The Rev. Dirk Ficca, executive director of the Council for a Parliament of the World's Religions spoke at the Witherspoon Society luncheon. Photo by David P. Young. (May 24, 2003)
One line of that speech, "what's the big deal about Jesus" was lifted out of context and Dirk Ficca had fifteen minutes of fame. The conservatives objected. The Presbyterian Layman published several articles about Rev. Ficca and his speech. Go to the Layman website and search "Ficca" at the bottom of the page for more articles than you can read in a week. In part, due to Ficca's speech, the Confessing Church Movement was born in the PCUSA, heavily promoted by The Layman.
You can read more about the story here.
You can read the text of his speech here: Uncommon Ground: Living Faithfully in a Diverse World. I think his presentation touched on a number of critical issues.
Here is the portion of the text that includes the line oft repeated by the media:
Now, if I were to ask everyone in this room, "Who in here converted to Christianity?", who here would say that at one point you weren't a Christian and then either with a bolt of lightening or over a period of time you became a Christian? Some of you would raise your hands, and then if I were to ask you the question, "After you became a Christian, after you converted to Christianity, did you not look back in your life and see that God had already been at work in your life?" A hundred percent of the time, you will say "Yes." And for the rest of you who have always considered yourselves to be a Christian and were raised in a Christian family or Christian church, at some point you realized that's who you were. "Well, I'm a Christian." And after that realization, did you not look back in your life and see that God was at work in your life? And a hundred percent of the time you will have to say, "Yes." In fact, how can one convert to Christianity or be a Christian unless God is at work in one's life? Why is this so important? What it says is that God's ability to work in our lives is not determined by being a Christian. In fact, this is what we, as Reformed Presbyterians, believe when we say, "We believe in the sovereignty of God." And everything else I am going to say to you is based on that fundamental reality.We often use phrases that are so familiar that we do not reflect upon their meaning. Jesus is Lord. Jesus is savior. Jesus is the way to salvation. Jesus is the Son of God. What really do we mean when we say them? What are we proclaiming?

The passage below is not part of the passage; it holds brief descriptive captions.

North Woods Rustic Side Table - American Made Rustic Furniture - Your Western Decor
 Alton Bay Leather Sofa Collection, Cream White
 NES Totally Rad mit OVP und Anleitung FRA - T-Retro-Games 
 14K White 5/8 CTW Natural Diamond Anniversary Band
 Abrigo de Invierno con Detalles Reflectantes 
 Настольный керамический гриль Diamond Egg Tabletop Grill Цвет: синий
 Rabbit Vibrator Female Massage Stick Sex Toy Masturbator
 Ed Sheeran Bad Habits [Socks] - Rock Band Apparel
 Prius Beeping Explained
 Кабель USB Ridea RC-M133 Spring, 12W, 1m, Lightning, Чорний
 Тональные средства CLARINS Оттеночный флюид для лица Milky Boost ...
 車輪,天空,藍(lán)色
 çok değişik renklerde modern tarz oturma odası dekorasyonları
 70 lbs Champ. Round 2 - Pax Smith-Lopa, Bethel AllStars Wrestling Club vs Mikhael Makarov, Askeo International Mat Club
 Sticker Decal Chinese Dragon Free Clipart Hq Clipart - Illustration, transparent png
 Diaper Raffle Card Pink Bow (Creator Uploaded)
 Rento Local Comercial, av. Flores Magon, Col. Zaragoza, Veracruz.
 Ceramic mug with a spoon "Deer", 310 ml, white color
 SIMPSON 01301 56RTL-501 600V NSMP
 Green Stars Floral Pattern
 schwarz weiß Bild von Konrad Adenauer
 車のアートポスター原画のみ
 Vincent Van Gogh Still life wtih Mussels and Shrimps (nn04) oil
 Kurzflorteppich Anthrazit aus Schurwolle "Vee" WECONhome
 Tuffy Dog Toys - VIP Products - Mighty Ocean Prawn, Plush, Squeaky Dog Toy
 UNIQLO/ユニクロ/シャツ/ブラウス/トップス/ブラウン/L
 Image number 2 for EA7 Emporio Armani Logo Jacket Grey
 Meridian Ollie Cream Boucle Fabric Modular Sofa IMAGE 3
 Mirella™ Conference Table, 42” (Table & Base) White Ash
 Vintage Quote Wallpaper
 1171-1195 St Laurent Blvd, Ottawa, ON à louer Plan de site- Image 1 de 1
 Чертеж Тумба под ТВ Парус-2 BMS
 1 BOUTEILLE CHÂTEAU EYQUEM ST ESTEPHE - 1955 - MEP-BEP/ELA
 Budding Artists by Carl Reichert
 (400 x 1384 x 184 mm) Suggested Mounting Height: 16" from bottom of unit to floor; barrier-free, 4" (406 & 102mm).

Well, if God is at work in our lives whether we're Christian or not, what's the big deal about Jesus? I want to share with you two views or readings of Jesus -- reflecting the scriptures and Christian thought over the last two thousand years. Because I am telling you, my friends, whatever we think about the Christian faith, it is an interpretation. Nobody views the scriptures of the Christian faith without interpreting them. And there have been two basic streams in Christian thought over the last two thousand years. One I'm going to call "instrumental" and one I'm going to call "revelatory." And I'm going to argue --just from my personal opinion, and nobody has to buy it -- that the instrumental view is not helpful when dealing with people of other religions. It's problematic. But there is another way, a way with integrity that can be helpful. But let's look at the instrumental view for a moment. (Read More)
Despite church politics, the issue of the relationship between the Christian faith and other faiths is a complicated one. It is one that is here to stay. I, for one, am pleased about that.